A fresh and funny look on one of history's nightmare
Everything Is Illuminated A young Jewish American searches for the woman that helped his grandfather escape Nazi persecution while embarking on a cross-European tour with some unlikely associates.
Liev Schreiber makes his directorial debut with a playful angst usually associated with his acting ethos. When successful actors decide to sit in the director's chair, we usually get a biographical glimpse at the souls beneath the acting mask- Check. We usually get a mishmash of genres- Check. But what we normally do not get is an insightful original film which is credible, intelligent and moving.
Elijah Wood plays Jonathan, an inquisitive young boy who collects pieces of life as he goes. He is on a mission to find a woman in a photograph. The sepia picture bears his grandfather (an uncanny resemblance to him) and the woman. To aid his journey he enlists the help of travel guides that comprise of a Hip-Hop loving break-dancer, Alex (Eugene Hutz), his apathetic and perma-vexed grandfather (Boris Leskin) and his dog- Sammy Davis Junior Jr! What ensues is essentially a comedy. There is an un-patronisingly simple introduction with voice-overs. Alex's is especially funny as he educates his younger brother on the year 1969, proving how popular he is with the chicks and break-dancing thus setting him up as Jonathan's antithesis.

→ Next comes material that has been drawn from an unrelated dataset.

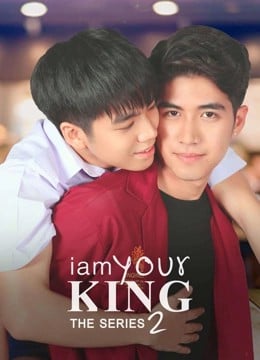 I Am Your King 2 EP 9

Schreiber begins to break down the characters as they progress and the comedy acts as an intentional veil to what is a story about three people linked to the holocaust who do not really know themselves. All three hold the film with tenderness and authenticity something Schreiber was unlikely to get wrong and as enchanting and fantastical as the film is, the horrors that are allowed to crack through, i.e. the past are presented in an almost palatable tone (incidental music, cinematography) which make them all the more unsettling.
As the unlikely group finally find the town they seek they learn of the true atrocities that occurred and find out a lot about who they really are.
Elijah wood is as authentic as usual, bringing his usual innocence and strength to the screen. Formally a resident good in Lord of the Rings and a resident evil in Sin City he plays Jonathan with aplomb as he is bombarded with culture shocks and a quest for truth. Boris Leskin as the grandfather also delivers his angst and frustration at the youths with great humour and conviction as his own past is unravelled. However, it is Eugene Hutz as Alex that makes the show. The director using that old trade of translation misunderstandings to create and maintain a humour that is actually funny and not gimmicky.
Schreiber has delivered an enchanting debut that has both heart and soul. The continuous score and beautiful photography creates a fairy tale haze around a story about identity, truth and family. If there was a complaint, it would be the speed at which the film changes direction; though this could have been intentional it may not sit well with all. Nevertheless this is a sterling effort that delivers great comedy and bonding between an unlikely group while dissecting another aspect of the horrors of World War 2 in a completely fresh fashion.